# DATA
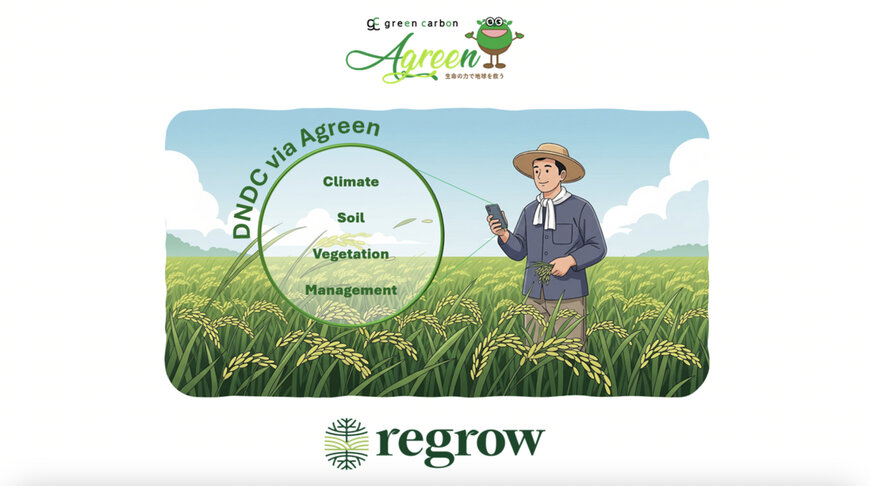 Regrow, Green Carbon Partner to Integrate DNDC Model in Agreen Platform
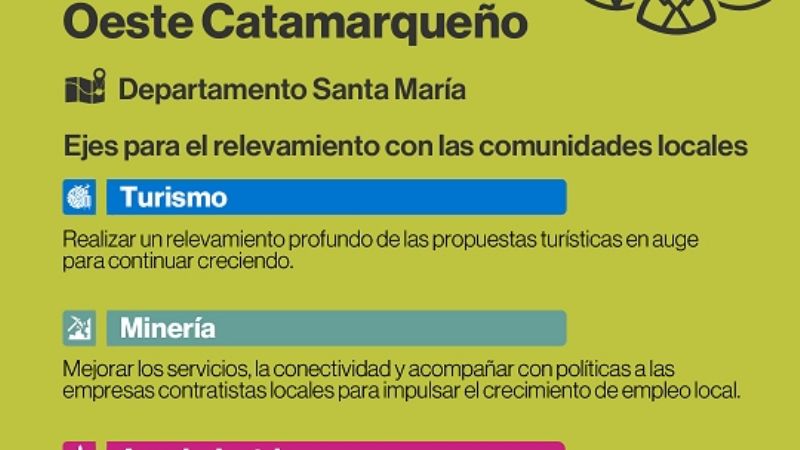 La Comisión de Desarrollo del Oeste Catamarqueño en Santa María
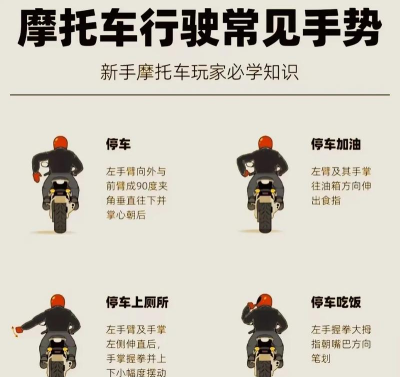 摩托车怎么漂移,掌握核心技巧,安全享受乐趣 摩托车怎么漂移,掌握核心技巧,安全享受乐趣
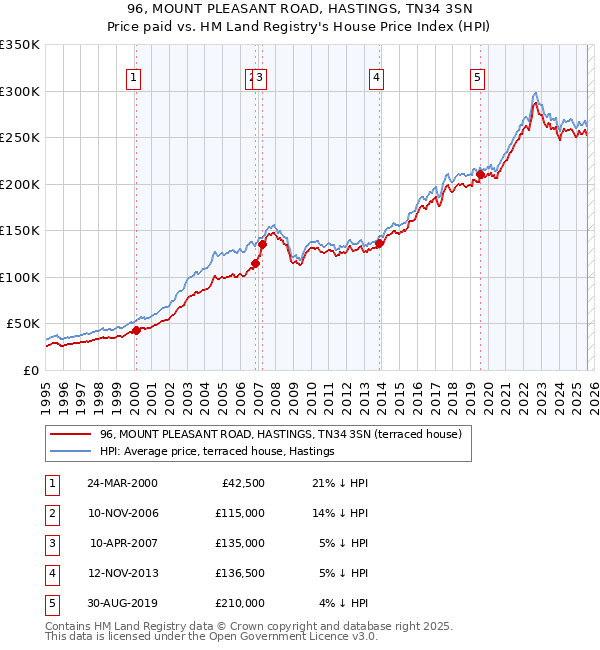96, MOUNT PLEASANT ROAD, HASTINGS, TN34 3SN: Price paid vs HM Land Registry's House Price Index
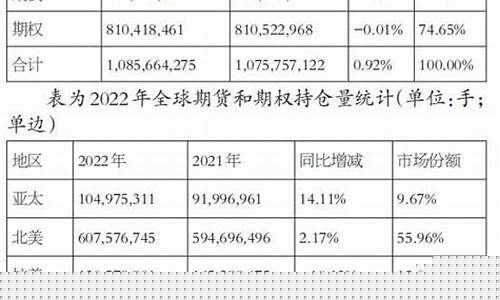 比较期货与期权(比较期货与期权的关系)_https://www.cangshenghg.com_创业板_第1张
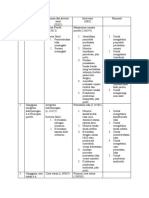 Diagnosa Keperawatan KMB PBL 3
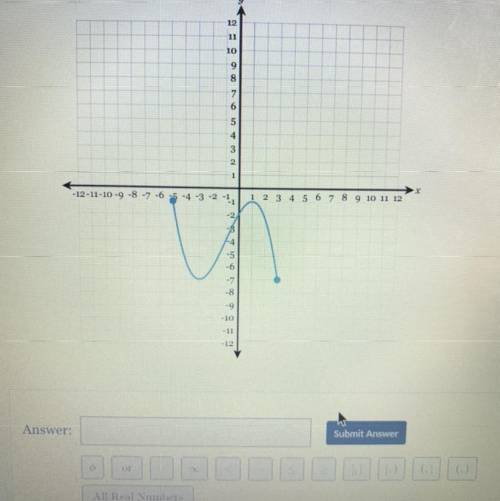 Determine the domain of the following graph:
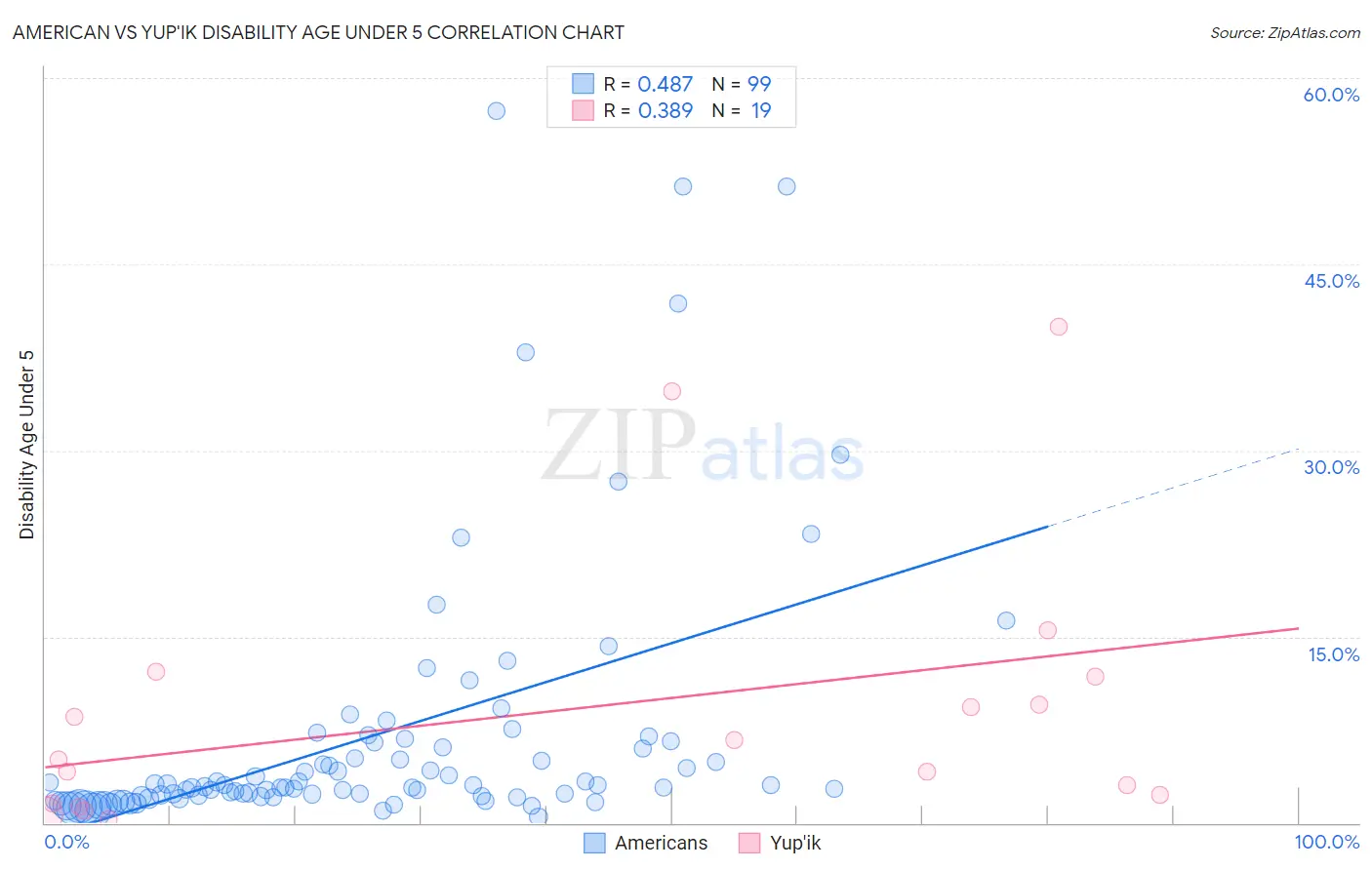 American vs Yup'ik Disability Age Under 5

# TASK ITEM
Could you give all the records again, exactly, minus the pictures?

# EXERCISE RESULT
 Regrow, Green Carbon Partner to Integrate DNDC Model in Agreen Platform
 La Comisión de Desarrollo del Oeste Catamarqueño en Santa María
 摩托车怎么漂移,掌握核心技巧,安全享受乐趣 摩托车怎么漂移,掌握核心技巧,安全享受乐趣
96, MOUNT PLEASANT ROAD, HASTINGS, TN34 3SN: Price paid vs HM Land Registry's House Price Index
 比较期货与期权(比较期货与期权的关系)_https://www.cangshenghg.com_创业板_第1张
 Diagnosa Keperawatan KMB PBL 3
 Determine the domain of the following graph:
 American vs Yup'ik Disability Age Under 5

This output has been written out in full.